"This is a very important book and should be required reading for students, scholars, policy makers and others interested in linguistic pluralism." – CHOICE
From the Back Cover
Christopher N. Candlin, Chair Professor of Applied Linguistics,
Department of English, Centre for English Language Education and Communication Research, City University of Hong kong, Hong Kong
Language in Social Life is a major series which highlights the importance of language to an understanding of issues of social and professional concern. It will be of practical relevance to all those wanting to understand how the ways we communicate both influence and are influenced by the structures and forces of contemporary social institutions.
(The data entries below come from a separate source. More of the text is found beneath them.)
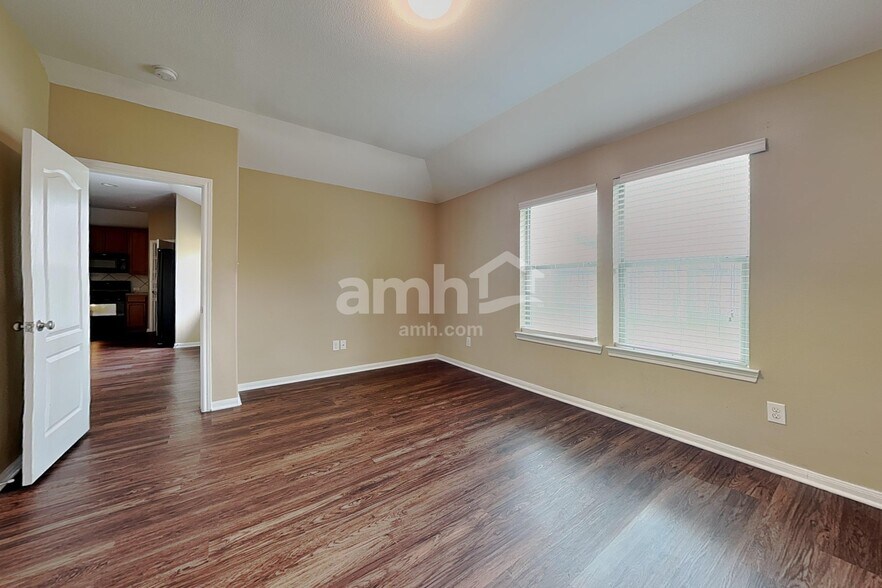 Building Photo - 28606 Lockeridge Farms Dr
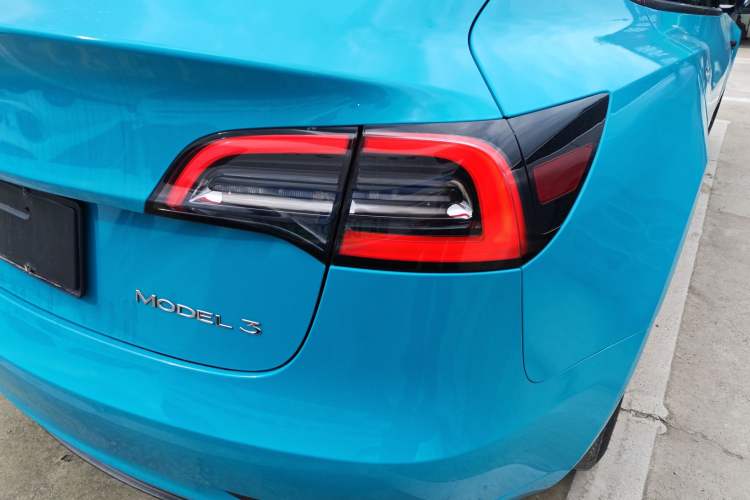 Used Tesla Model 3 2022 Rear-Wheel-Drive Version Exterior 3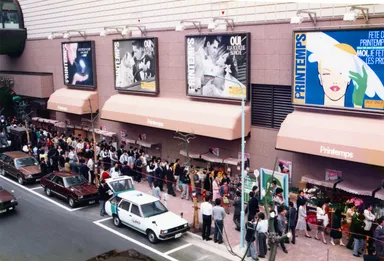 開業当日の写真(2)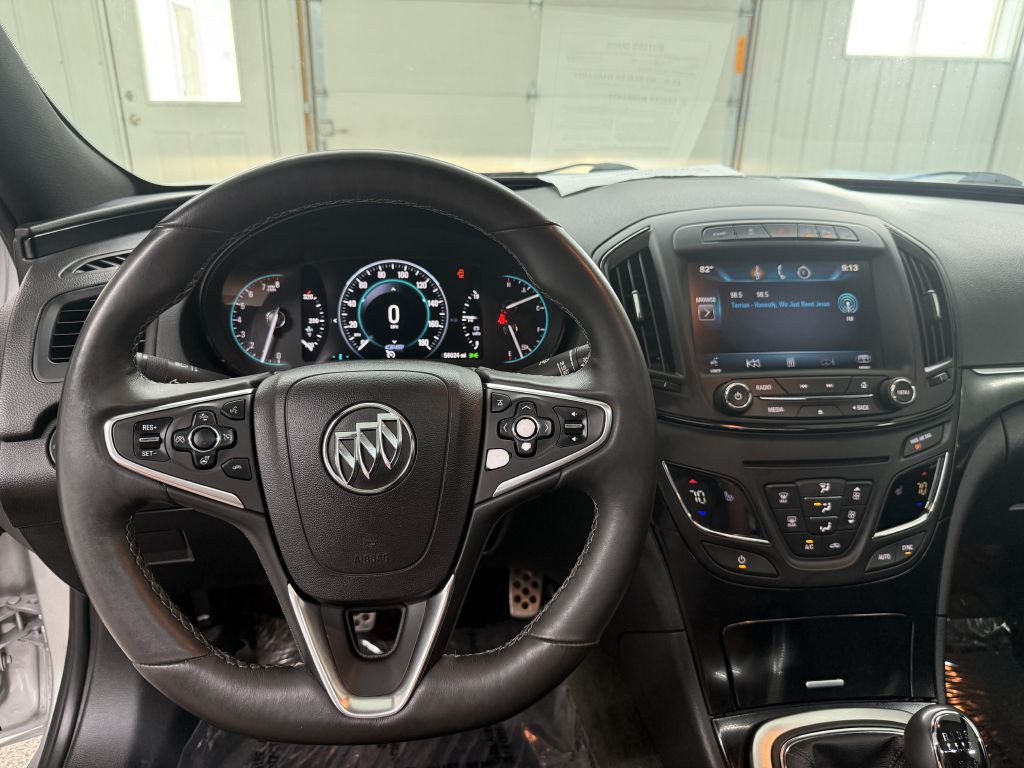 2014 Buick Regal Image 18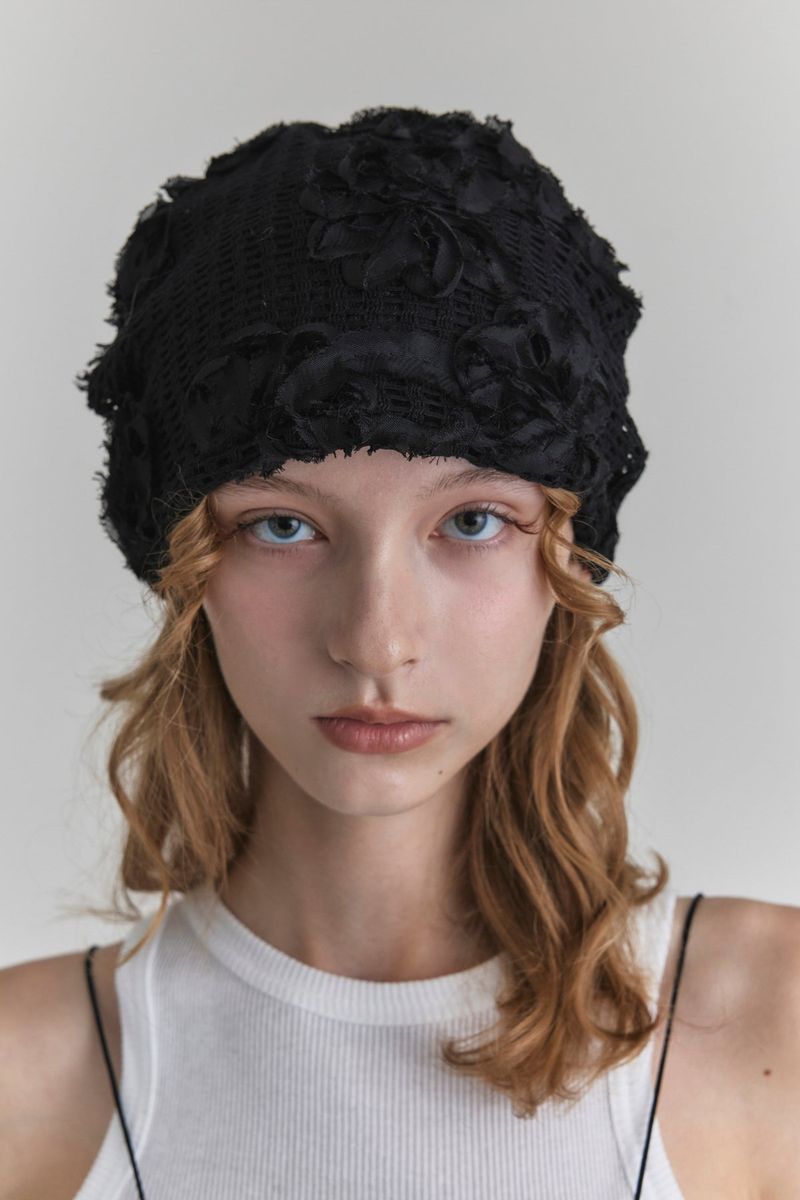 ROSA KNIT BEANIE IN BLACK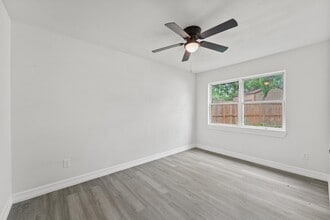 Building Photo - 1615 Hiller St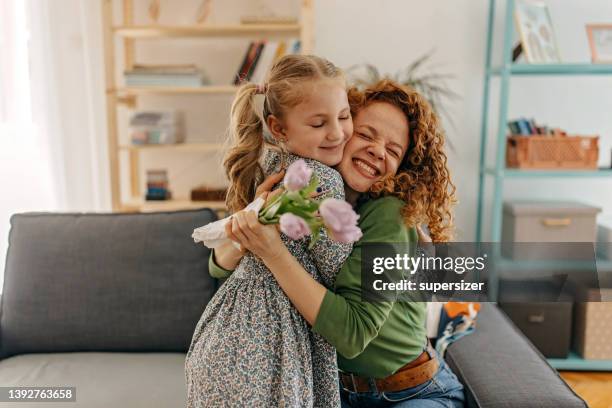 mein geschenk an dich ist tulpe - woman giving flowers stock-fotos und bilder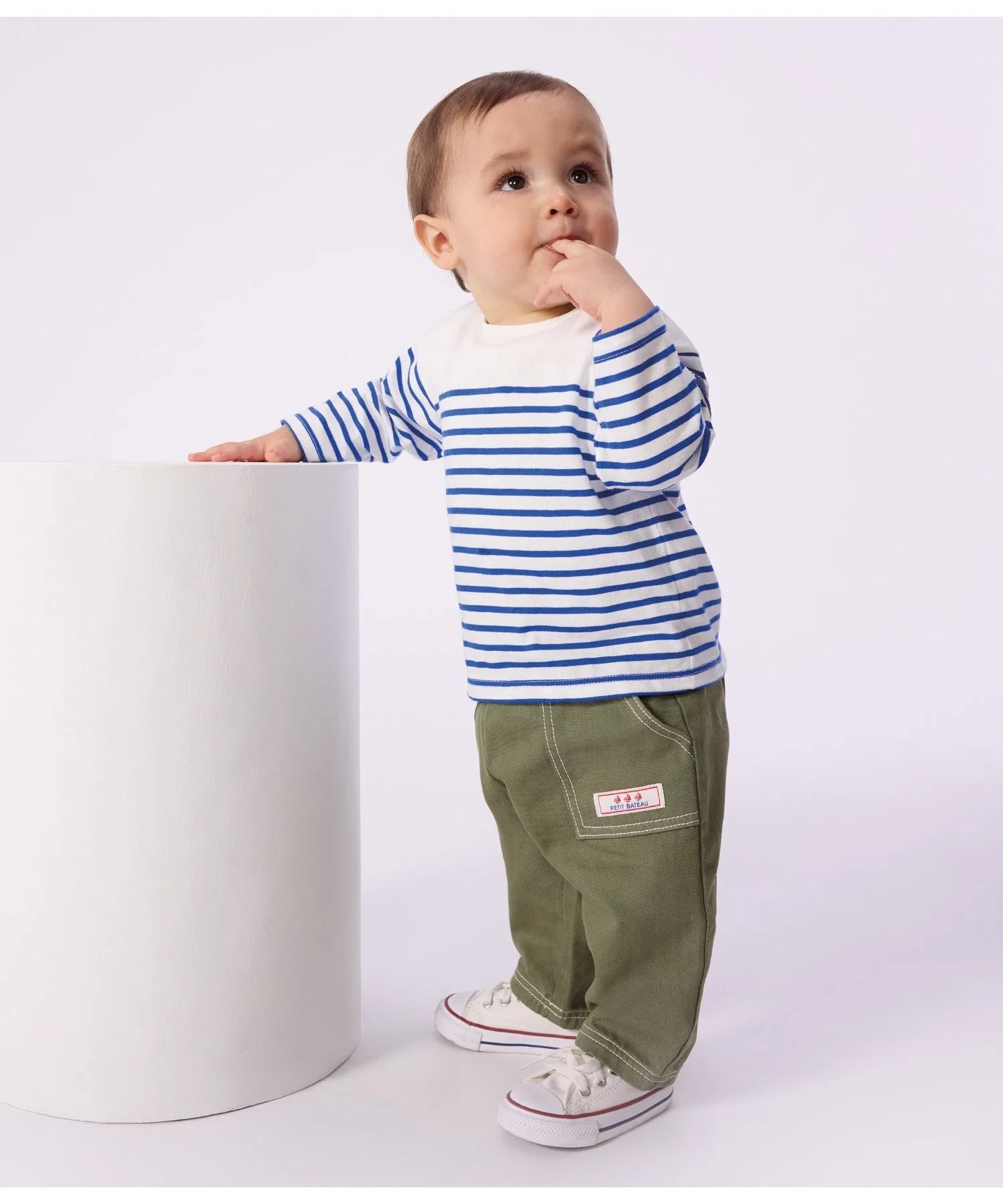 Детская футболка-полосатик Petit Bateau с длинным рукавом бело-синяя — фото 2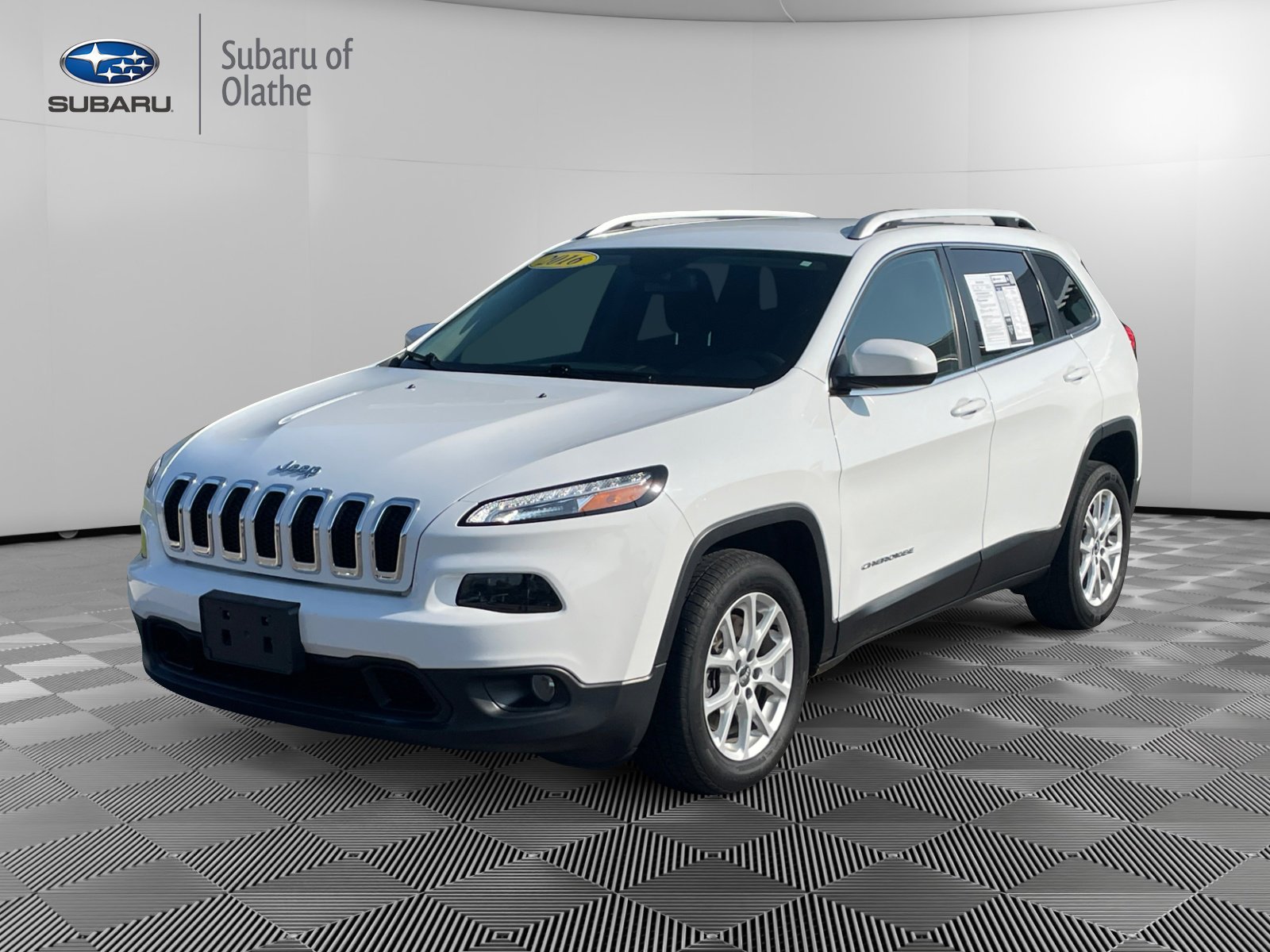 2016 Jeep Cherokee Latitude photo 12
'This is a fine example of a rich, innovative and pluralistic interpretation of minority language rights and needs the world over.... With this book, cultural democracy arguments take a real step ahead. Bravo!'
Professor Joshua A. Fishman, Stanford University and Yeshiva University
In this provocative and ground-breaking book, Stephen May argues for a major reappraisal of the long-held constructivist consensus in the sociology of ethnicity and nationalism, and to a lesser extent in the sociology of language, that dismisses language as an important feature of individual and collective identity. Language may well be contingent but it is not unimportant, as made clear by the many historical and contemporary ethnic and ethnonational movements and conflicts that focus on language. May argues that the causes of many of these language-based conflicts lie with the nation-state and its preoccupation with establishing a 'common' language and culture via mass education.
Language and Minority Rights draws together debates on language from the sociology of language, ethnicity and nationalism, sociolinguistics, social and political theory, education, history and law, and encompasses a breadth of cross-national contexts and examples. It is essential reading for students, teachers and researchers in the sociology of language, sociolinguistics, ethnicity, nationalism, politics, education and language policy and planning.
Stephen May is a Lecturer in the Sociology Department at the University of Bristol. He is a founding editor of the international journal, Ethnicities and is the author or editor of the following books: Critical Multiculturalism (1999), Indigenous Community-based Education (1999) and Making Multicultural Education Work (1994).